**AIM OF THE EXERCISE**
From the first line to the last, restate every record word for word, leaving out the pictures.

..............................

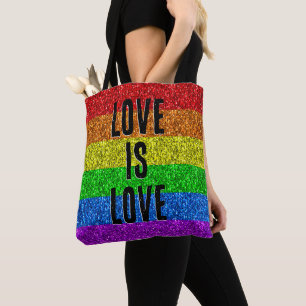 LGBT flag vibrant Sparkle Love text customise Tote Bag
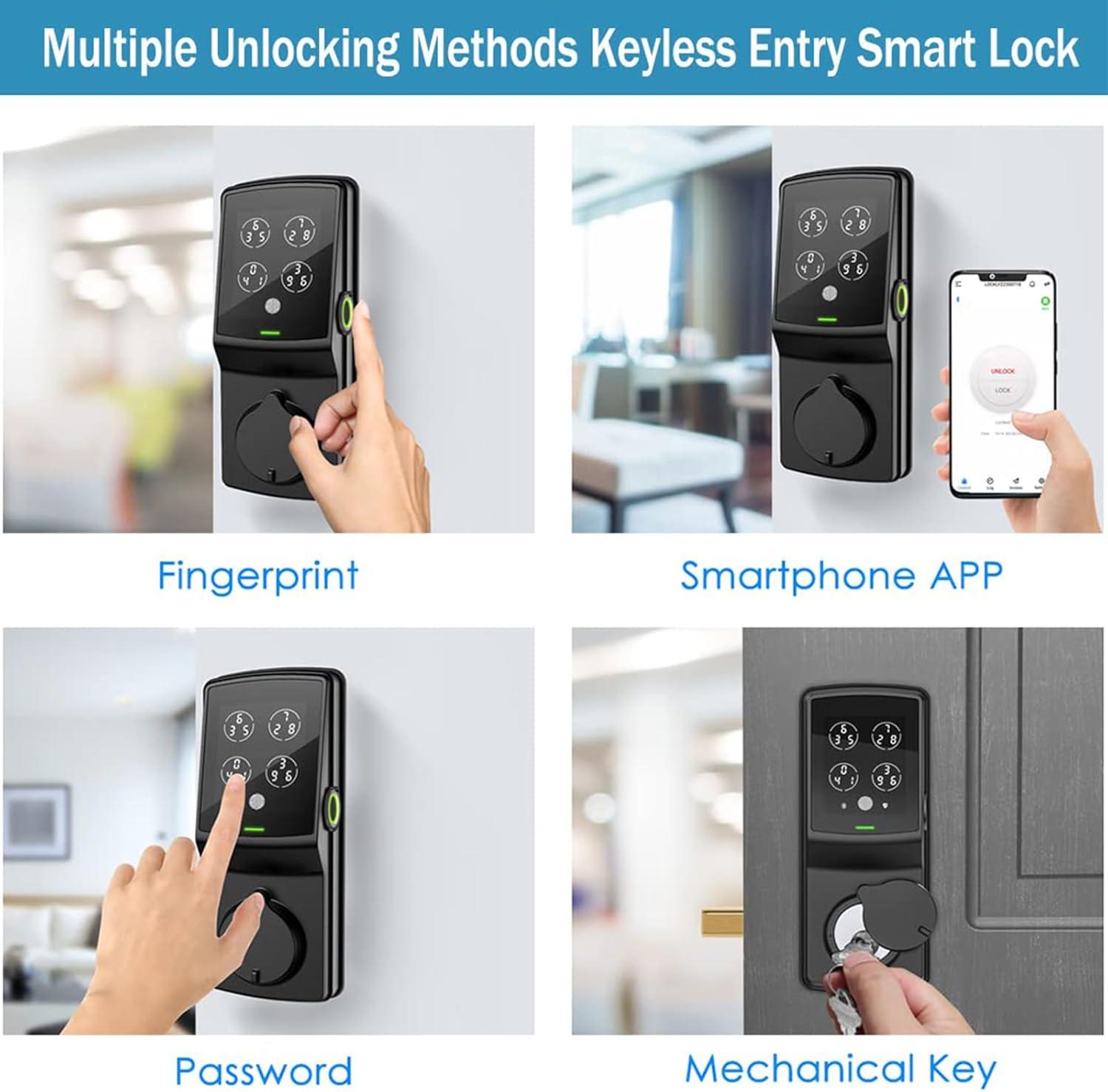 Lockly Secure Plus, Keyless Entry Door Lock, Smart Locks for Front Door, App Control, 3D Biometric Fingerprint Sensor, Digital Keypad, Smart Lock Deadbolt, Auto Lock Smart Door Lock (Matte Black)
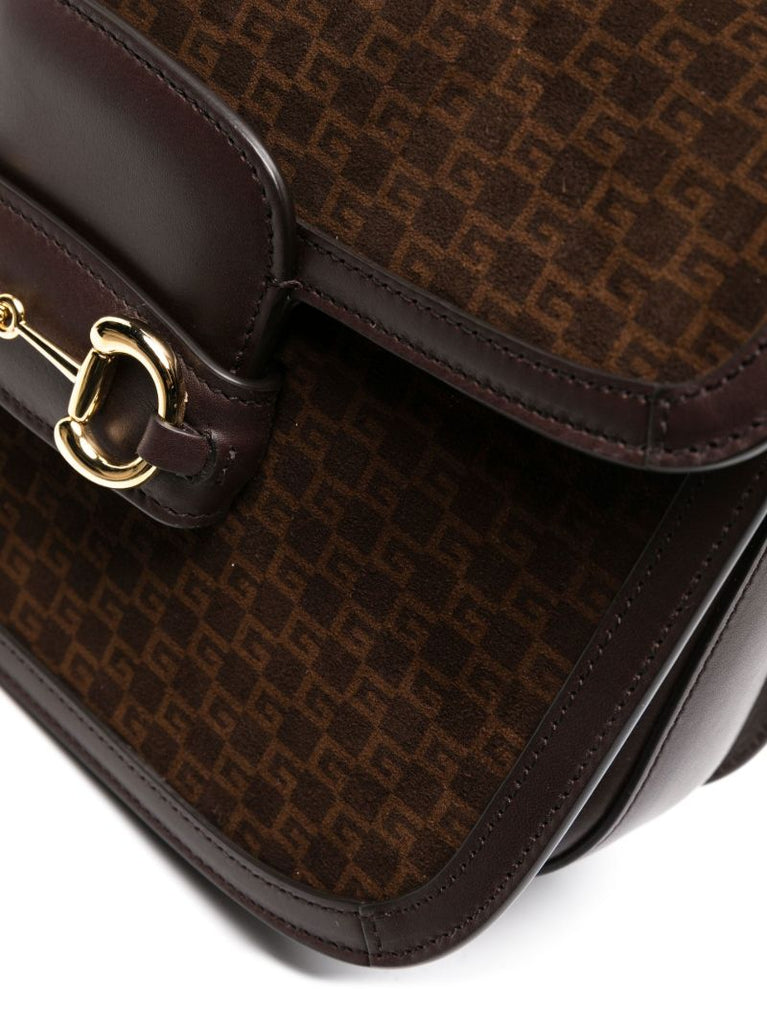 Brown Horsebit 1955 Suede Shoulder Bag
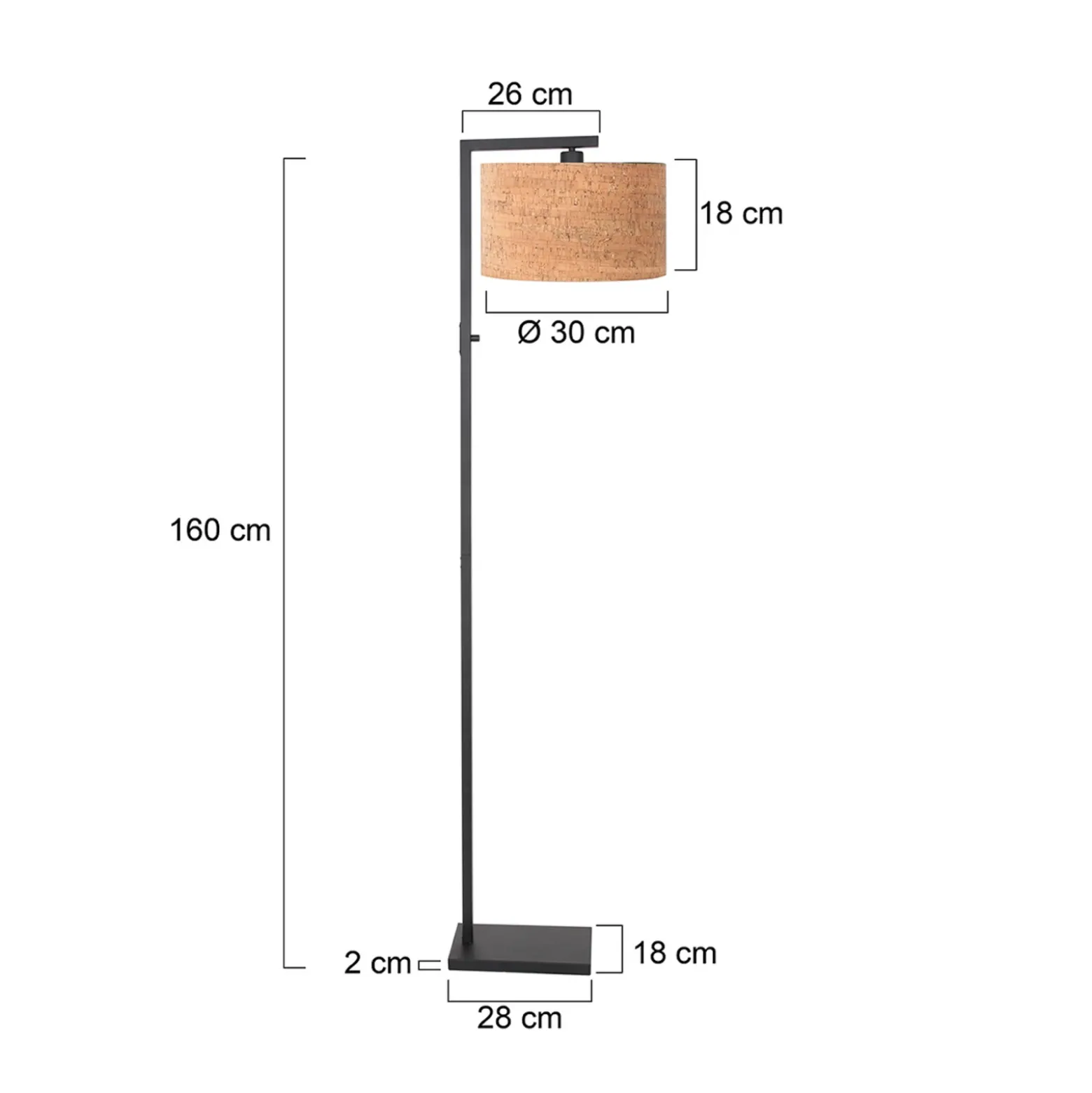 Lámpara de pie Stang, negro/marrón, altura 160 cm, corcho
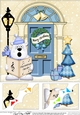 8 x 8 Christmas Door Ben Polar Bear goes Carol Singing Scalloped Corner Topper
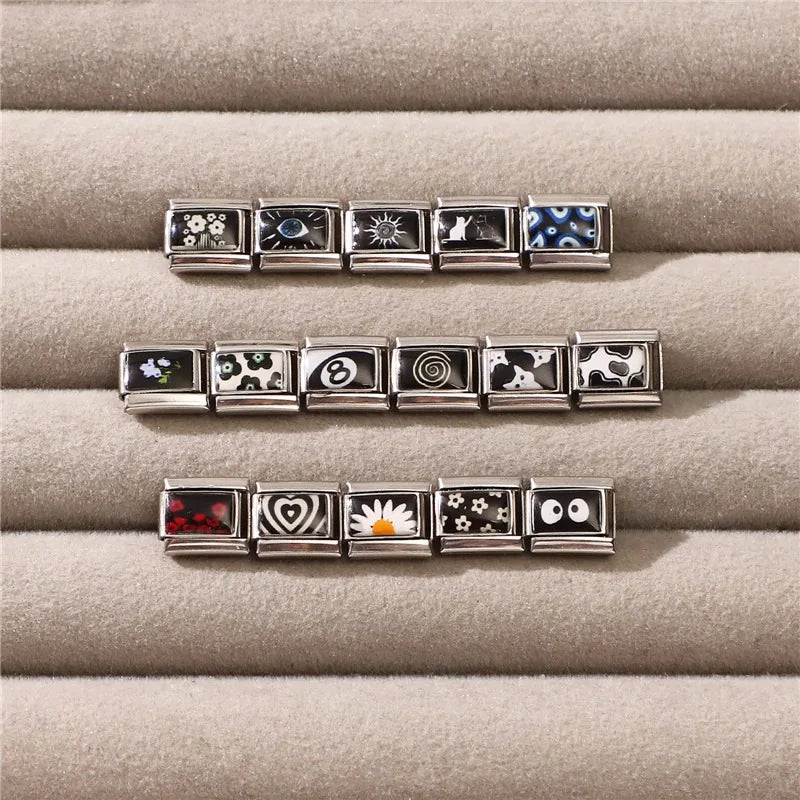 Fashion 2025 Cute White Cat Flowers Daisy Eyes Italian Links Charm Fit 9mm Stainless Steel Gift Modular Bracelet Jewelry Making Qme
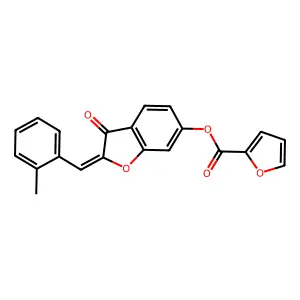 (Z)-2-(2-methylbenzylidene)-3-oxo-2,3-dihydrobenzofuran-6-yl furan-2-carboxylate structure
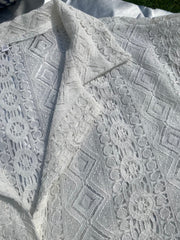Men's Lace Shirt Hollow Out See-through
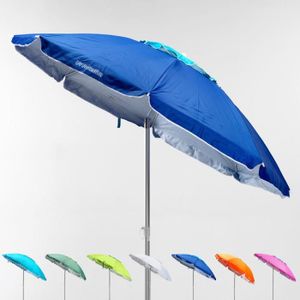 ABRI DE PLAGE Parasol de plage 200 cm aluminium anti-vent protection uv Corsica, Couleur: Bleu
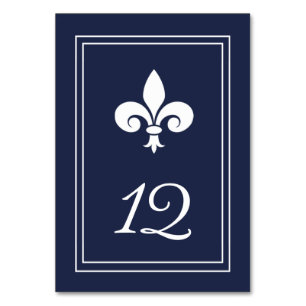 Navy Fleur de Lis Table Number Card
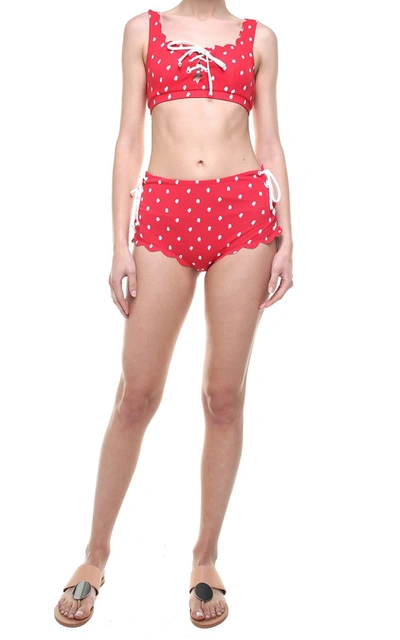 Marysia Palm Springs Lace-up Bikini Briefs In Rosso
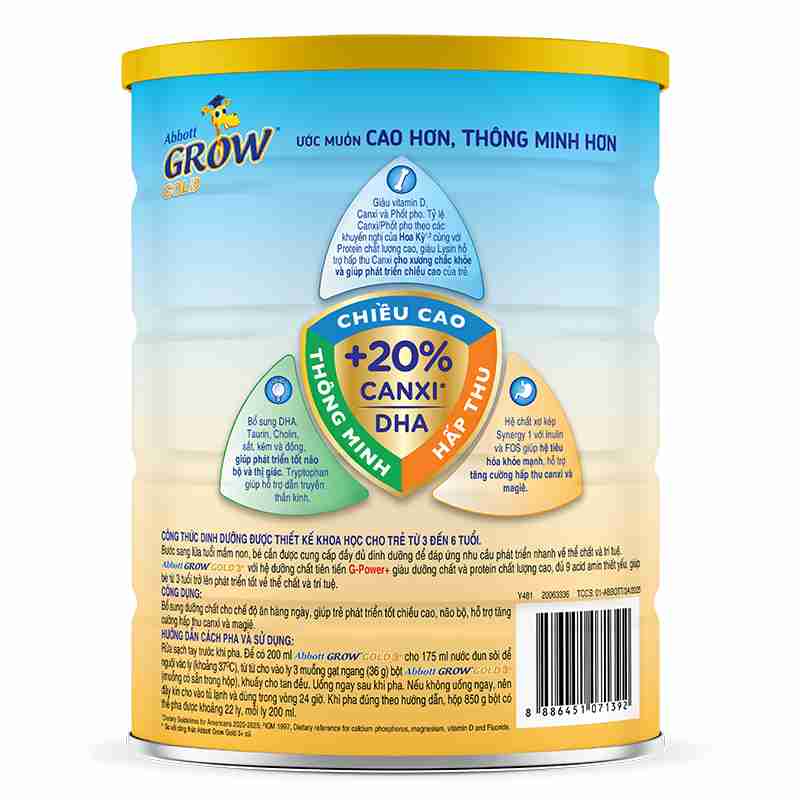 Sữa bột Abbott Grow Gold 3+ 850g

..............................

**TASK SOLUTION**
 LGBT flag vibrant Sparkle Love text customise Tote Bag
 Lockly Secure Plus, Keyless Entry Door Lock, Smart Locks for Front Door, App Control, 3D Biometric Fingerprint Sensor, Digital Keypad, Smart Lock Deadbolt, Auto Lock Smart Door Lock (Matte Black)
 Brown Horsebit 1955 Suede Shoulder Bag
 Lámpara de pie Stang, negro/marrón, altura 160 cm, corcho
 8 x 8 Christmas Door Ben Polar Bear goes Carol Singing Scalloped Corner Topper
 Fashion 2025 Cute White Cat Flowers Daisy Eyes Italian Links Charm Fit 9mm Stainless Steel Gift Modular Bracelet Jewelry Making Qme
 (Z)-2-(2-methylbenzylidene)-3-oxo-2,3-dihydrobenzofuran-6-yl furan-2-carboxylate structure
Men's Lace Shirt Hollow Out See-through
 ABRI DE PLAGE Parasol de plage 200 cm aluminium anti-vent protection uv Corsica, Couleur: Bleu
 Navy Fleur de Lis Table Number Card
 Marysia Palm Springs Lace-up Bikini Briefs In Rosso
 Sữa bột Abbott Grow Gold 3+ 850g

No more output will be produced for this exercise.